Nun sind wir seit einem Monat im neuen Stall… und alles beginnt von vorne :O … Die ersten zwei Wochen war sie äußerst brav – war alleine oder in der Gruppe ausreiten etc. … doch dann, als sie sich wieder an die neuen Pferde gewöhnt hat und ihre Position der Ranghöchsten einnahm, ging fast nichts mehr – das Spazieren läuft ab wie vor einem Jahr, beim ausreiten hat sie mich das erste Mal abgeworfen und sie kommt mir nur einfach schlecht gelaunt vor.
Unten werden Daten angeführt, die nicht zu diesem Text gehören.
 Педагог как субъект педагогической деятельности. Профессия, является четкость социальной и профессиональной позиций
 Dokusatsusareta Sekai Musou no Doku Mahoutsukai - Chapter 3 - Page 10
Noch dazu kommt, dass sie eine Sehnenzerrung hat und ich sie nicht wirklich viel bewegen kann/ soll – und wenn dann wäre Schritt ausreiten auf harten Boden das optimalste, jedoch möchte ich das Risiko nicht eingehen. Beginne jetzt wieder mit Spazieren gehen – Schritt für Schritt erarbeiten – aber kann es echt sein, dass ich dasselbe wie voriges Jahr durchmachen muss???? Ich war so stolz das ich mich da durchgekämpft habe und wir sozusagen zueinander gefunden haben.. aber nun bin ich echt deprimiert… braucht sie das das man sich durchsetzt oder kann ich auch irgendeine andere Weise mit ihr erarbeiten, so nach dem Prinzip von Babette, das meine Stute das von sich aus machen will... Ich bin ratlos...
Ich weiß die Eingewöhnung in den neuen Stall dauert seine Zeit, aber ich weiß gar nicht wie ich mit ihr arbeiten soll...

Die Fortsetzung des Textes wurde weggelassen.